2-day blind football demo/training camp from Feb 15


Dimapur, February 10: For the first time in Nagaland, a Blind Football Demo/Training Camp is being conducted by the Office of the State Commissioner for Persons with Disabilities, Nagaland, and organising partners Nagaland State Disability Forum (NSDF) and Prodigals’ Home (PH), Dimapur, in collaboration with the Indian Blind Football Federation (IBFF).
The training camp would be held on February 15 and 16 at Don Bosco Higher Secondary School Ground, Riverbelt Colony, Dimapur.
On February 15, a brief inaugural programme will be held at 9:30 am to kick off the training/demo camp.
On February 16, a Blind Football Demo game will be held at 12:30 pm followed by a closing programme to mark the conclusion of the camp
The IBFF is an independent body affiliated with the Paralympic Committee of India and the Indian Blind Sports Association New Delhi and AIFF New Delhi. The Federation runs the country’s only full time Blind Football Academy at Kochi, Kerala.
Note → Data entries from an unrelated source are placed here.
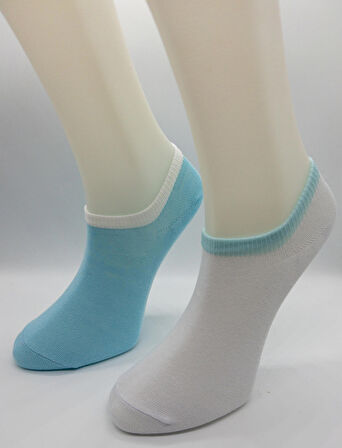 CİHO SOCKS Pamuklu 12 Çift KADIN Renkli Görünmez Sneaker  Çorap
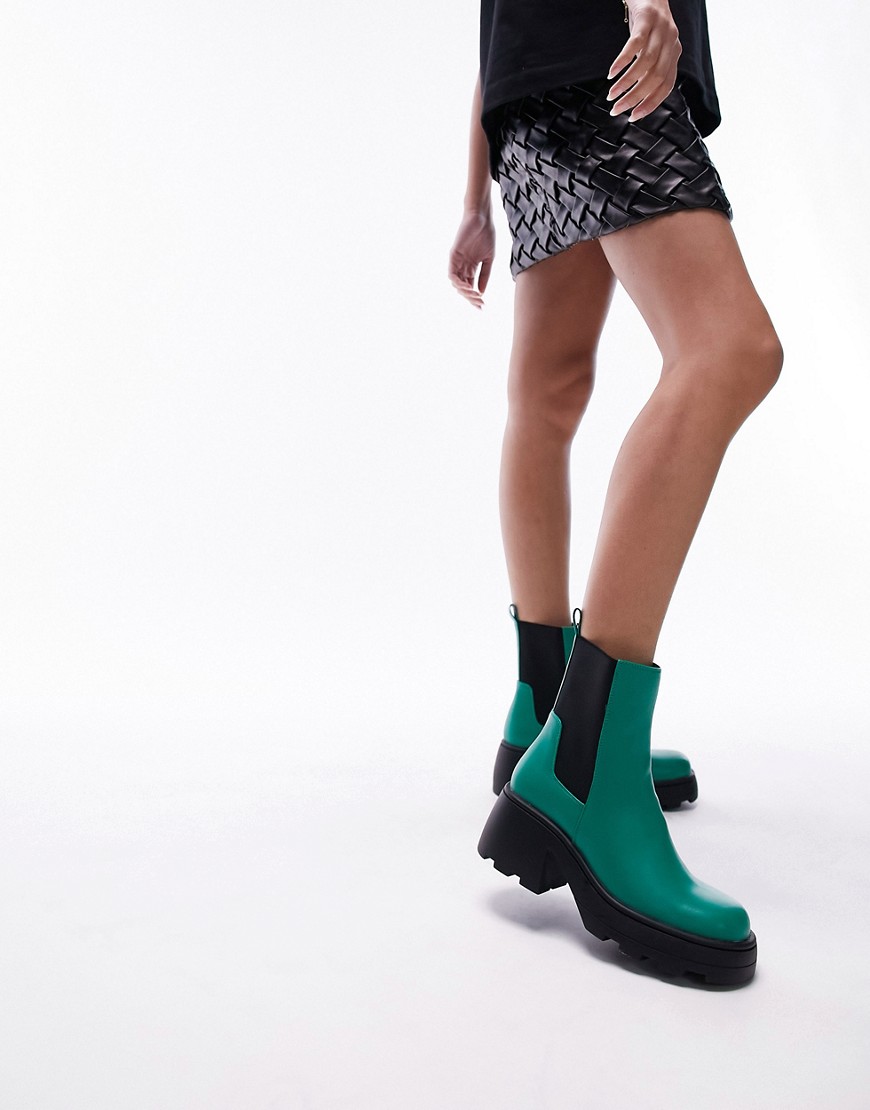 Topshop Margot chunky chelsea boot in green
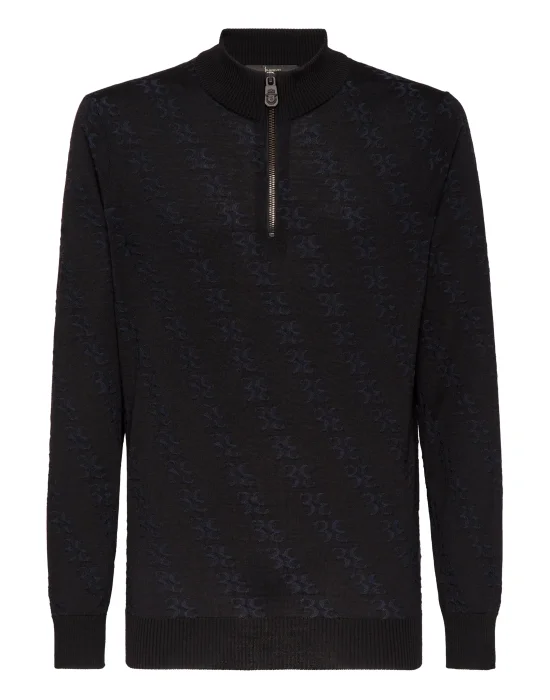 Wool and Silk Pullover zip mock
The 2-day camp will comprise of training basic skills of the game to interested young B1 players (athletes who are totally or almost totally blind), as well as training session for coaches and referees on rules and regulations of the game and other coaching tips. A demo game with an invited team will be held on day-2 to conclude this first of its kind camp.
An established blind player, Indian International Gabriel, is also expected to come in from Bengaluru to help train the players and play in the demo exhibition game as well.
Blind Football is an exciting, fast paced 5-a-side football played by visually impaired athletes using a ball with a noise-making device inside. Played on a smaller pitch on an enclosed court, the game was introduced as a Paralympic event only in 2004. There is more dribbling and short passing than in the mainstream sport, and crowds remain quiet during play to ensure that players can hear the ball, their team-mates and opposition players.
Matches are played between two teams, ground size of 40m X 20m, each with four outfield players and a goalkeeper. The outfield players are visually impaired (VI) and wear eyeshades to ensure fairness; however, the goalkeeper may be fully or partially sighted. The pitch is surrounded with a rebound wall; the sport is played with no throw-ins and no offside rule, which ensures non-stop action. Matches are played over two halves of 25 minutes each, plus 10 minutes for half-time. All players are blindfolded before a game so that this becomes a ‘level playing field’ for all players partial or fully blind.
Everyone has been invited to be part of this first-of-its-kind event and also encourage young athletes to build the game and compete at a professional level.